Whether he inspired his Gabonese namesake to change his own first name from Alain to Ali could be argued both ways. The British Mr Bongo was also a president, albeit of the Magic Circle, whose success stems from his catchphrases. "Uju buju, suck another juju", for instance, clearly has an edge over "education, education, education" and the tedious like. However, the Gabonese Mr Bongo's conversion to Islam is an equally possible reason behind the name change.

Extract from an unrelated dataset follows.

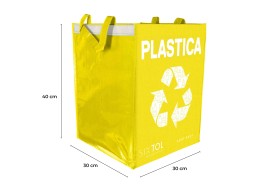 Borse per la raccolta differenziata SORT EASY 3 BASIC IT, 30x30x40 cm, 3 x 36 l, 3 pz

Be that as it may, he too appears to have a huge magical talent of his own, conjuring up huge personal wealth from a nation whose inhabitants remain desperately poor while their country's oil reserves diminish. Britain's Ali Bongo, for all his magical expertise, would surely wonder at the ease with which his namesake has spirited away 25 per cent of Gabon's GDP from under the very noses of his people into his own secret pocket. And still Gabonese Bongo has found time to buy 30 properties in France, three in Beverly Hills and marry a woman who rejected his offer of a $25m Malibu mansion in 2006 with: "I need something big. Really, really, really big". Subsequently, the UN consultant Jack Blum has styled Bongo's crime against his country as "grand theft nation".
The British Ali Bongo died two years ago, but had he said anything about Africa's second most unforgettably named leader (after Nigeria's Goodluck Jonathan) one imagines it might very well have been along the lines of "Hocus pocus fishbones chokus" or perhaps "Aldy Bority Phostic Formio". Oh, how we loved him.